As you mentioned, people are looking for alternatives. Do you think that this Cooperative Movement could be a viable alternative to Traditional ideas of Neo-Liberal Capitalism?
Totally. I mean look at parts of the world where it’s the dominating part of the economy, like Mondragon. Spain has an economy in a complete and utter mess, and Mondragon is there, still struggling because their sales are being challenged, but they don’t have any unemployment! They just share the pains; everyone gets paid a little less and maybe gets less hours, but no one is thrown out. It’s such a better model – and so hard to get known. When it starts to get powerful and bigger like in those cases, it really threatens powerful interests who are very wealthy. So it’s very hard to actually ignore it. I mean, we do see it starting to get kind of attacked by the media and kind of downplayed as something that was tried once but could never work. There’s so little knowledge about it. But I think that could change and catch on fire very easily. Actually, you know what’s very interesting: I was down at the U.S. worker co-op federation in June in Boston and really got a huge turnout of people – a noticeable percentage of people who had found the movement through Occupy! It seems to me that it’s just really taking off down there. Here we certainly have a handful of mostly young and very activist, passionate people that are founding the movements and starting the co-ops…We have actually hired a staff member we found through Occupy. What we did, is very interesting: we were holding a very large conference last fall in Quebec city, and while we were doing that, the Occupy movement was just coming to Quebec and Montreal at that very time, and we had both gone to the mike and were saying basically, we need to go across the country, and offer workshops and give brochures and say, “Look, we’re one of the things you’re looking for, although we aren’t slick and we don’t have all the resources, but we are this emerging co-op movement.” That actually did create some interest. That happened in New York City along Wall Street. Now we’re thinking about how to use social media to do it better and more cheaply and effectively. I’ve been involved in this project to make some videos around the IYC, and we have a couple mad: they’re fun, like 3 or 4 minutes each, nothing radical, made in conjunction with the Alberta Co-op and Community Associations whose members are not radical…..which is fine, they’re co-ops and I like them: I would say, if the world were made up of co-op like theirs, there would be Conrad Blacks…

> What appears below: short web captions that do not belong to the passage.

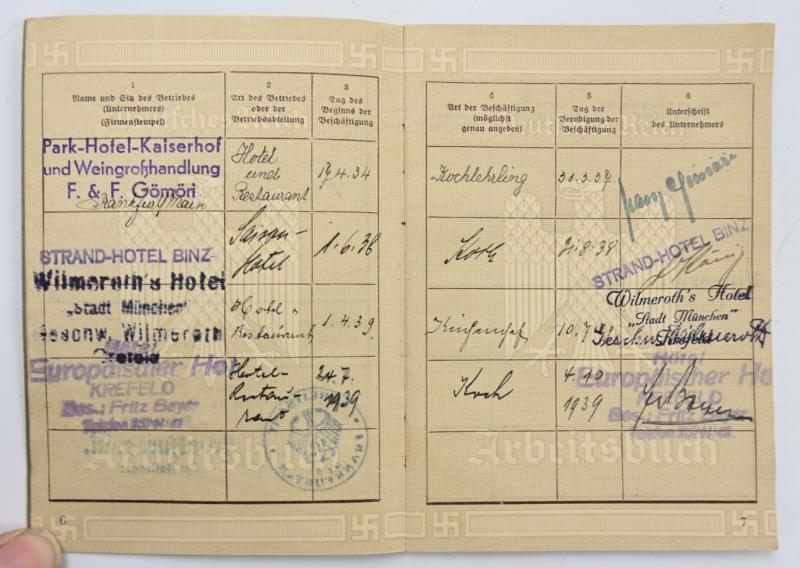 German Third Reich Workerspass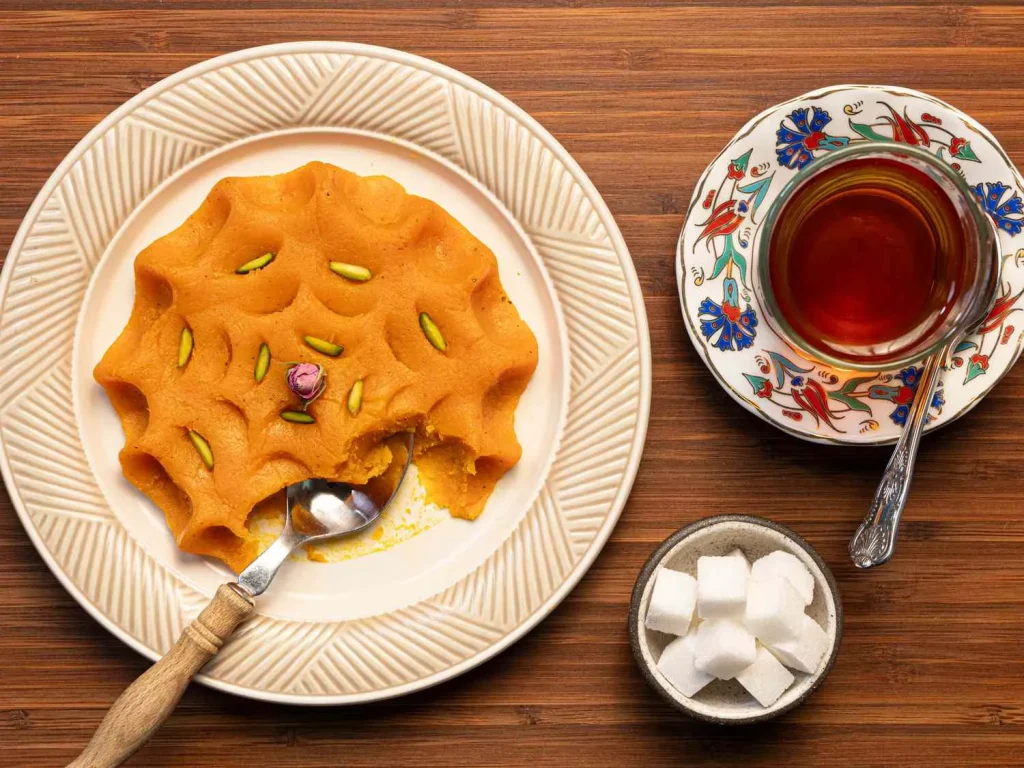 طرز تهیه حلوا قندی کرمانی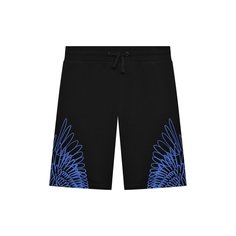 Хлопковые шорты Marcelo Burlon Kids of Milan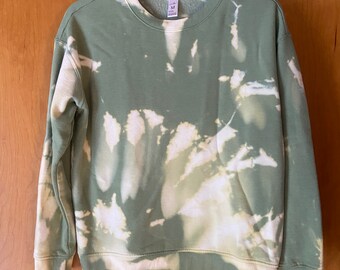 Tie-Dye Crew Neck Sweatshirt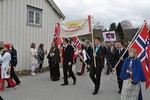 Her kommer Orkanger ungdomsskole (ikke guttemusikken)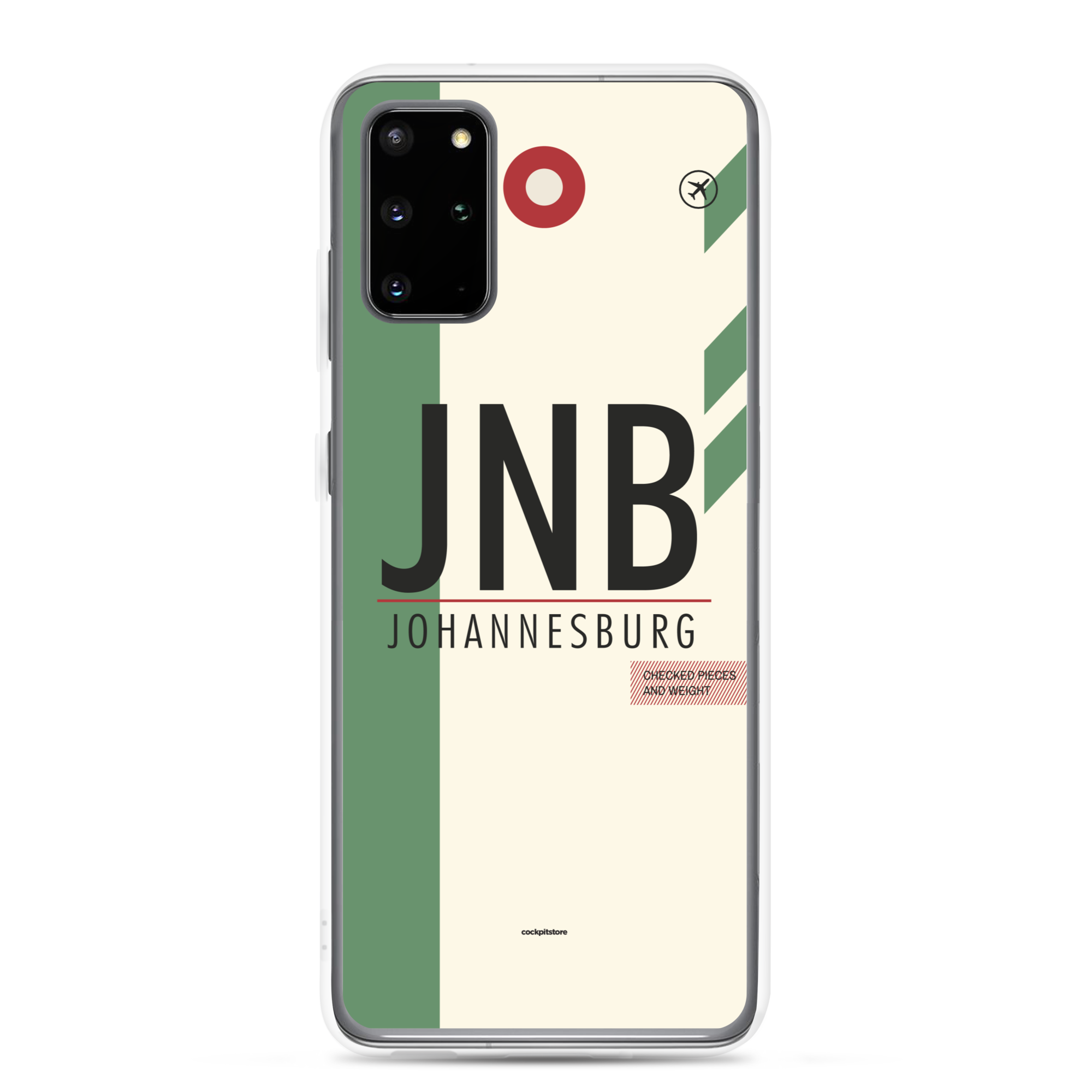 JNB - Johannesburg Samsung phone case with airport code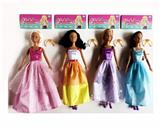 OBL10429655 - 11.5寸实身关节棕色肤时尚娃娃/4款混装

Now you’re talking Utopia….
Well, not necessarily. If the world were consumer-cooperative based, I mean. I don’t think it would be Utopian. But it would be better than what we have. If it were a worker co-op, that would be much more utopic! And I think Mondragon probably is towards that. But in any event; I’m saying these guys are good people, they’re doing good things. It’s got us kind of thinking and planning to do a more radical version of that for the worker co-op movement specifically and the plans are in place.